Monday, May 30, 2005

EPA Preempting State Law?

Bates v. Dow Agrosciences LLC

29 peanut farmers are appealing a decision against them in a case where they alleged that Dow Agrosciences sold them a pesticide named “Strongarm” with a label that indicated it should be used wherever peanuts are grown. This was also expressed to the farmers verbally. In applying with the EPA for a label Dow learned that their pesticide was not safe anywhere where the Ph level of the soil was over 7.0. The soil in Texas generally has a Ph level of 7.2.

The lower court ruled in favor of Dow on claims of strict liability, negligence, fraud, breach of warranty, and violation of the Texas Trade Practices-Consumer Protection Act (DTPA) because these claims were pre-empted by the EPA’s statute “that States ‘shall not impose or continue in effect any requirements for labeling or packaging in addition to or different from those required under this subchapter.’” The lower court also held that because “oral statements by Dow’s agents… did not differ from statements made on the product’s label, success on those claims would give Dow a “strong incen­tive” to change its label,” which was pre-empted by the EPA’s statute. Similarly, the lower court saw the strict liability claim as a “’disguised’ failure-to-warn claim” which would also be pre-empted.

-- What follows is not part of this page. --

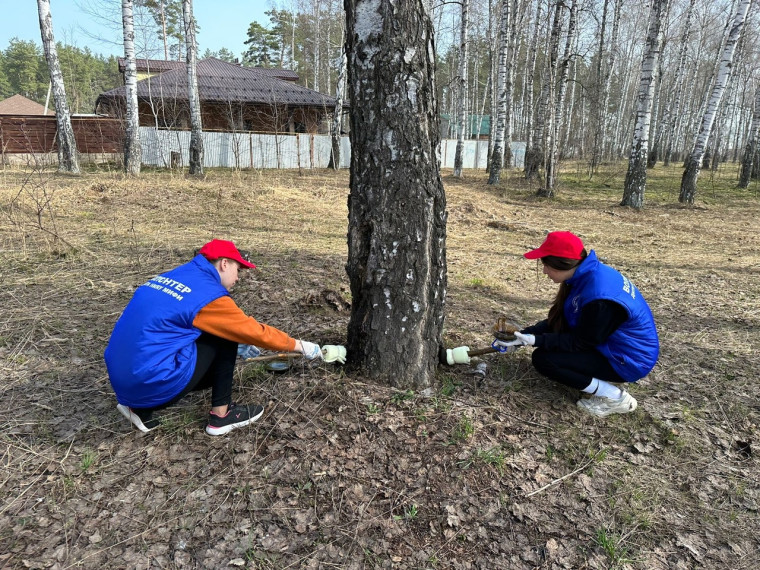 В городе прошли мероприятия по уничтожению непарного шелкопряда.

The Supreme Court here decided that mere motivation to change the packaging was not sufficiently a “requirement,” so the claims against Dow were not preemted. The Court recognized that “requirements” “[reach] beyond positive enactments, such as statutes and regulations,” to include common-law duties, but held that these duties must be a requirement “for labeling or packaging,” and must impose a labeling or packaging requirement “in addition to or different from those re­quired under [the EPA statute].”

The majority found that the fraud and negligent-failure-to-warn claims, since they are premised on common-law rules, qualify as “requirements for labeling or packaging,” but that “a state-law labeling requirement is not pre-empted by [the EPA statute] if it is equivalent to, and fully consistent with… [federal] misbranding provisions.” The Court then left it to the lower courts to determine if these common-law rules are consistent with the Federal statute. The majority also explained that while failing Congress’ “clear and manifest intent” to supplant state federal law is assumed not to do so, “a state-law labeling re­quirement must in fact be equivalent to [its federal counterpart] in order to survive pre-emption.”

The opinion concurring in judgment and dissenting in part argued that the breach of warranty claim, and the claim under the Texas Deceptive Trade Practices-Consumer Protection Act (DTPA) should also be remanded.